I was wondering...Since your husband doesn't want to 'out' himself to the co-worker, would it be possible for him to just say that there was a 'falling out' and it would make the day a bit uncomfortable for her to come - and ask if she might bring someone else?

Also, Rebreather...

I thought I was going to die or kill someone, or loudly shout WHAT A LOAD OF HORSESHIT

This is hysterical and heartbreaking at the same time. I have had the same feeling - also when watching movies or TV and people are - well, doing that icky love stuff.

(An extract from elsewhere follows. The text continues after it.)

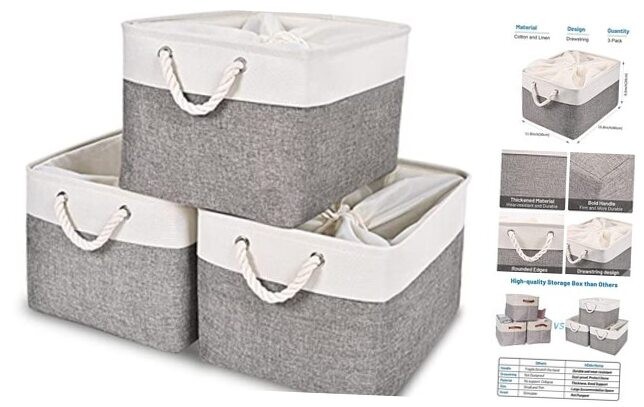White & Grey Fabric Drawstring Storage Bins 3-Pack 15.8x11.8x9.5in-image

Makes me want to puke - and normally I LOVE that sort of stuff.

cuppacoffee...

It sounds like you would really love to go - and would have a great time with your H. That is, if the OW is not there - but if she was there...it would be horrible.

Maybe you could decide based on how you would feel about going - after you find out if the OW is going.

Do what will make you happy. You and your fabulous unborn baby deserve those good feelings and the positive effect they will have on him/her.

I hope it all works out. HUGS

[This message edited by WhatsRight at 12:59 PM, July 24th (Wednesday)]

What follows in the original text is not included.